National ban on engineered stone 'will save lives'

Engineered stone products will be banned across the country to protect workers from developing deadly health conditions.

The ban will come into effect from July 1, following an agreement by federal, state and territory workplace ministers at a meeting on Wednesday.

Engineered stone, which is commonly used in kitchen benchtops, has been dubbed a modern-day asbestos, with workers who used the product often developing the incurable and deadly lung disease silicosis.

As part of the national measure, the federal government has indicated it will introduce a ban on engineered stone being imported to Australia.

A statement from the meeting said a transition period would need to be put in place for contracts involving engineered stone that were entered into before the ban was announced.

The timeline for the transition period will be agreed on when the ministers meet again in March.

Exceptions will be put in place for the removal or repair of engineered stone that has already been installed.

CFMEU national secretary Zach Smith said the national ban was significant.

"It is an important win for the thousands of workers that have been forced to use this product, which has caused them to contract life-ending silicosis," he told reporters in Canberra.

"This decision that's been made by the various levels of government today will save lives. 

"We know that as many as one in four workers that are using engineered stone are contracting silicosis."

CFMEU national secretary Zach Smith
CFMEU national secretary Zach Smith says the national ban on engineered stone will save lives.

The CFMEU had previously said it would implement its own ban from July next year if the government did not act.
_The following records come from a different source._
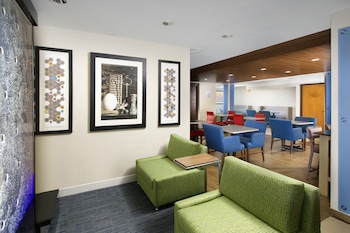 holiday inn express hotel and suites san antonio downtown market area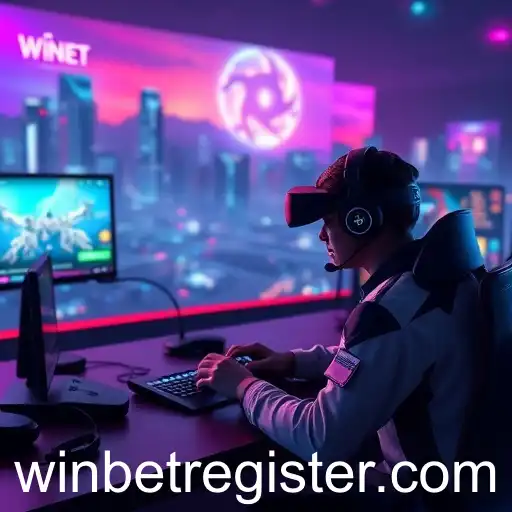 The Rise of Winbet in Online Gaming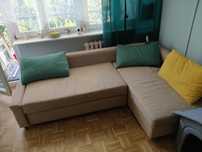 Oddam narożnik ikea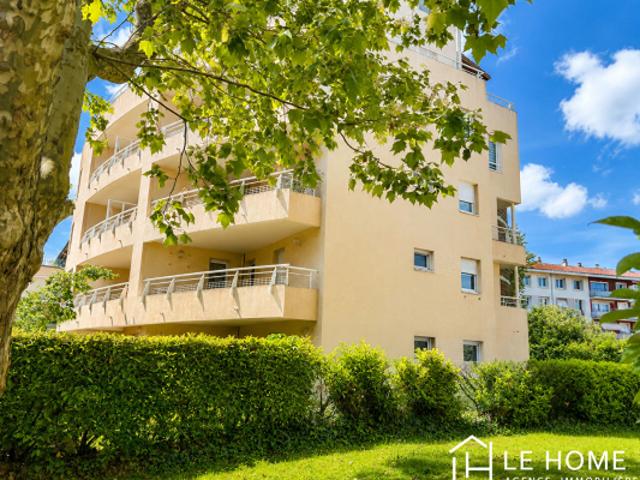 Appartement vente à Lyon, Métropole de Lyon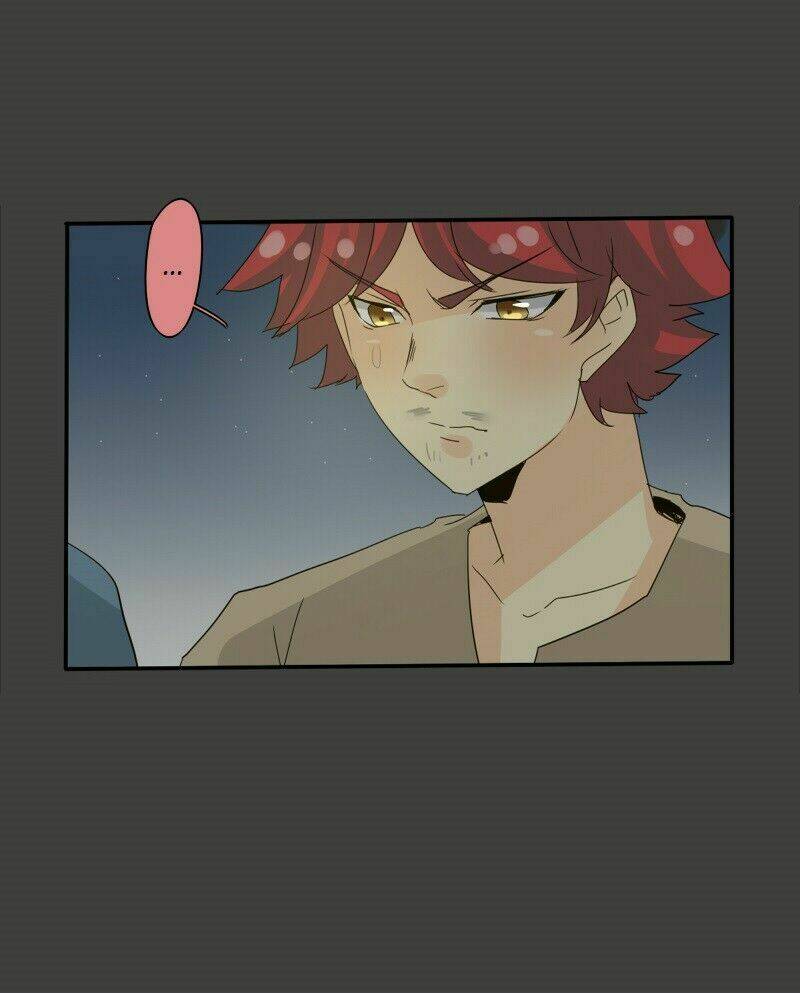 Đọc truyện Thế giới không hoàn hảo - Chap 96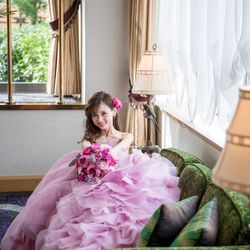 ウェスティンホテル大阪の写真32枚目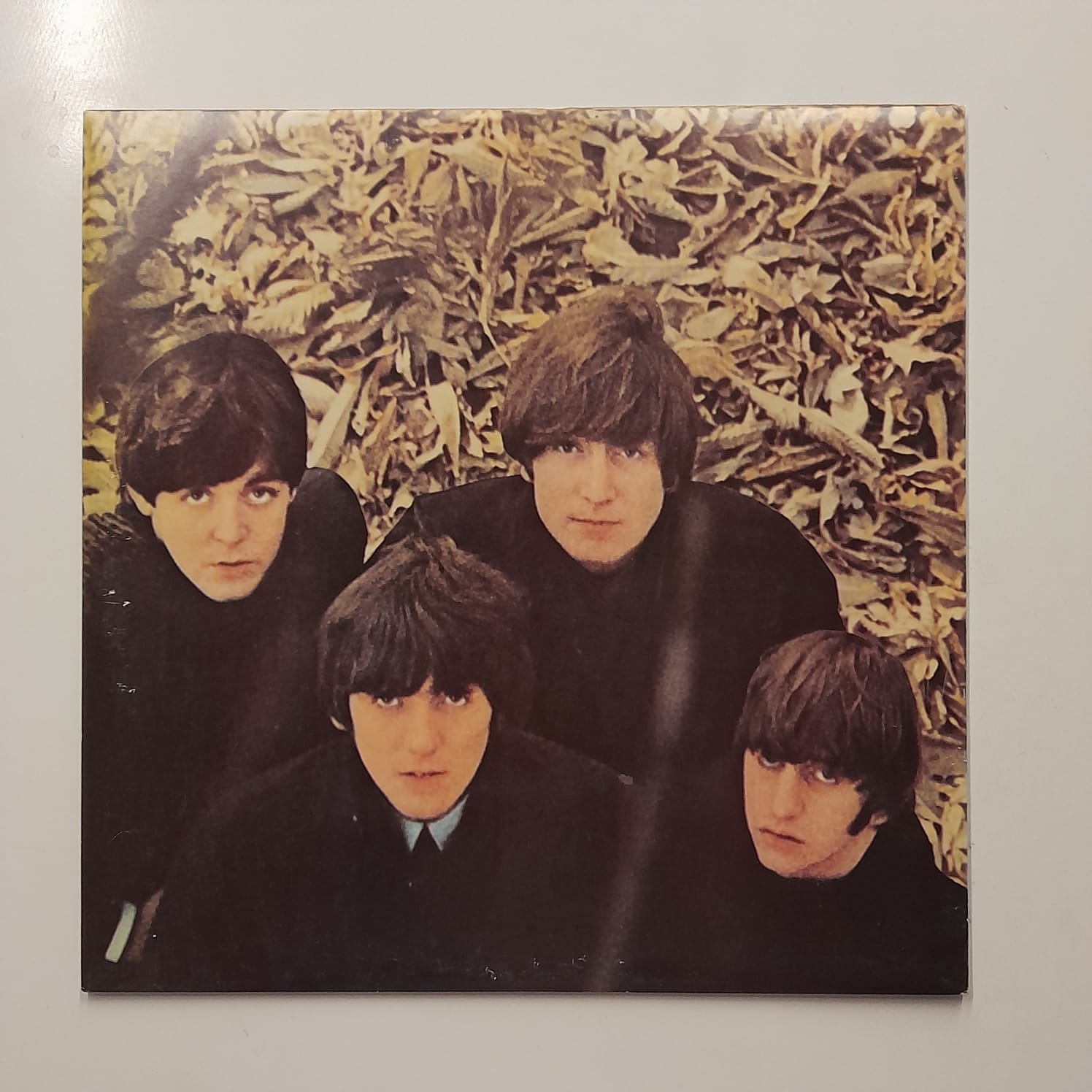 LP The Beatles – Beatles For Sale - Imagem 2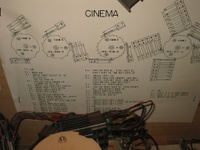 Image # 30099: Cinema Score Motor Instruction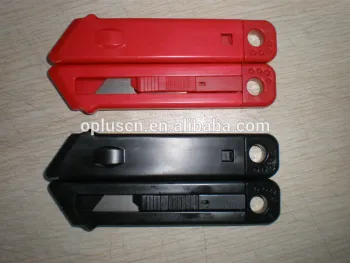 SAFETY KNIFE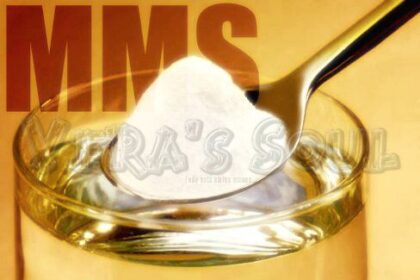 Mms El Clorito De Sodio Prohibido Y Silenciado Por Los Corderos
Mr Smith said measures were still needed to protect workers from previously installed engineered stone products.

"Our union is advocating for a system similar to the way we handle legacy issues of asbestos," he said.

"There's a lot of this product in Australian homes, in Australian apartments and commercial spaces, and it's important that people are properly trained and qualified to handle this product into the future."

Workplace ministers also noted businesses and consumers should be mindful of entering into new contracts involving engineered stone from January 1 to avoid work that might not be able to take place.

The national ban was endorsed following a Safe Work Australia report, commissioned by workplace ministers, calling for a countrywide prohibition.

While such a ban was deemed in the report to be the most expensive option, it said it would protect workers from developing health conditions.

Engineered stone ban
Union members rallied in Sydney calling for a national ban on engineered stone.

Safe Work Australia chief executive Marie Boland said the organisation would act immediately to introduce safety measures ahead of the ban's implementation.

"Workplace exposure to respirable crystalline silica has led to an unacceptable increase in the number of cases of silicosis and other silica-related diseases," she said.

"This prohibition will make Australian workplaces safer and healthier."

Hardware chains Bunnings and Mitre 10 said they would phase out selling the product.

Public Health Association of Australia chief executive Terry Slevin said more work was needed to support those affected by silicosis.

"This is an important day to be celebrated but it is also a call to action to work harder to reduce the known burden of those who, in their daily work, are exposed to silica," he said.

"Engineered stone is the most obvious and clear example of a dangerous product."